I could tell she agreed, that or she thought I was too far beyond reason to bother arguing. Either way she said, “People are illogical.”
“No, people are irrational. Never illogical.”
“Your time’s up.”
“Give me one more moment. Please? This is the best part.”
“Go ahead,” she said obligingly enough. I could tell any reluctance was bluff; she was like a reader who couldn’t close the book until she’d found out how it ended.
“I see nothing hopeless in all this tragedy and degeneracy. It’s a promise. A promise that there’s something better; because if there wasn’t, what’s the point? It’s a promise that we can make it better. And that promise is fulfilled by the very fact that this scene is already made beautiful by your presence.”
“And that’s it?”
I screwed my eyes up in thought. “That’s it.”
“Which way’s the car?”
“You don’t think it’s beautiful?”
“No,” she said flatly. “But . . . it can be, if we clean it up a bit.”
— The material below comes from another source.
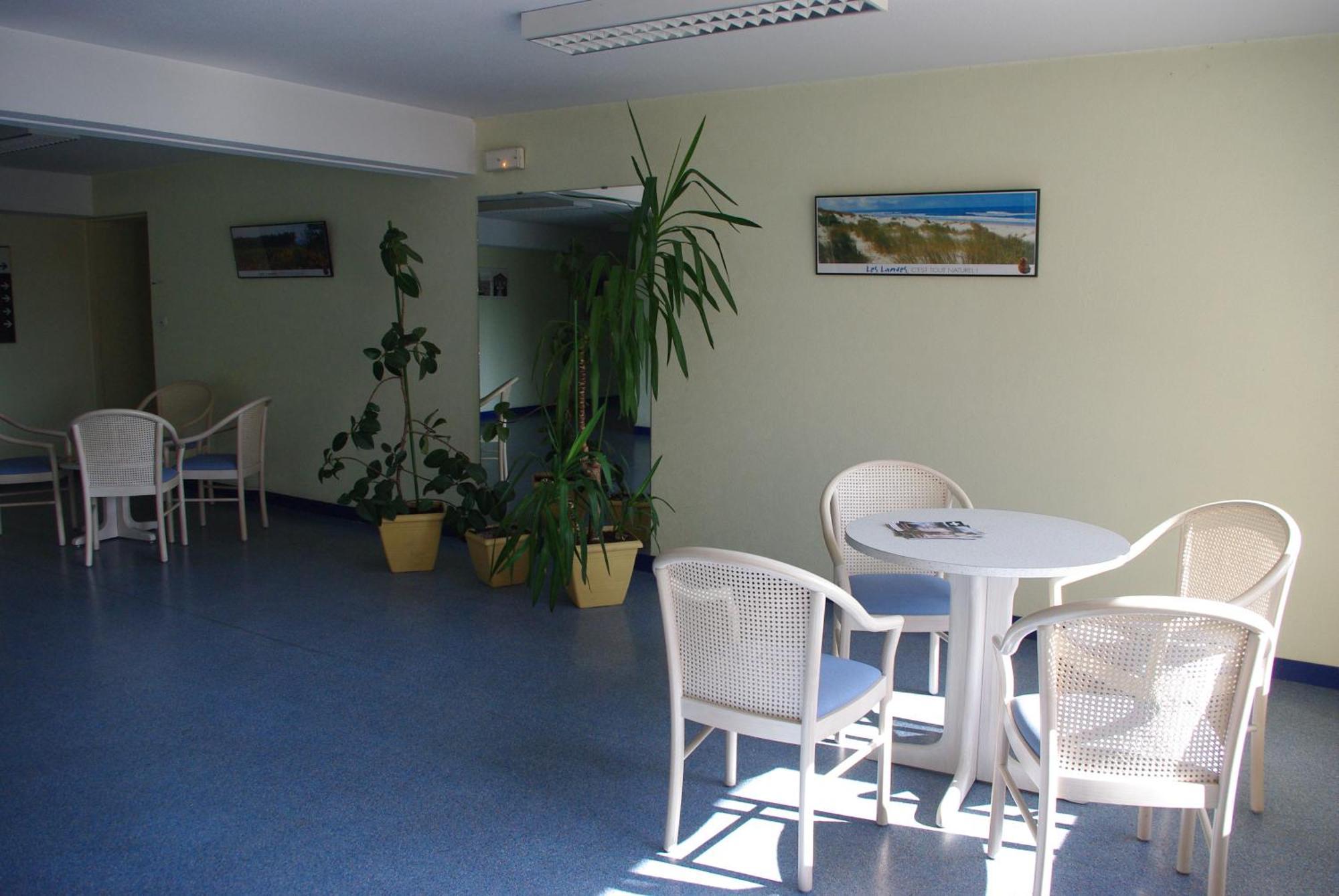 Residence Espace Thermal Dax Exterior foto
“Perish the thought! You’re not dressed for it.”
“I will be if you’ll lead me back to the car and we get out the waders, and the raincoats, the gloves, the garbage bags, and all the other stuff you brought for it. Did you seriously think I didn’t notice it in the back? Come on,” she said, unfolding her legs, “let’s get to work.”
Impressed into silence, I caught her by the hand as she tried to get up and did the only thing I could think of: I kissed her then and there, in front of God and a lot of cars roaring by behind me. A passing driver honked and wolf-whistled so loudly we jumped, and the combined forces of energy caused us to lose our balance. We slipped and tumbled head-over-heels into the besludged ditch.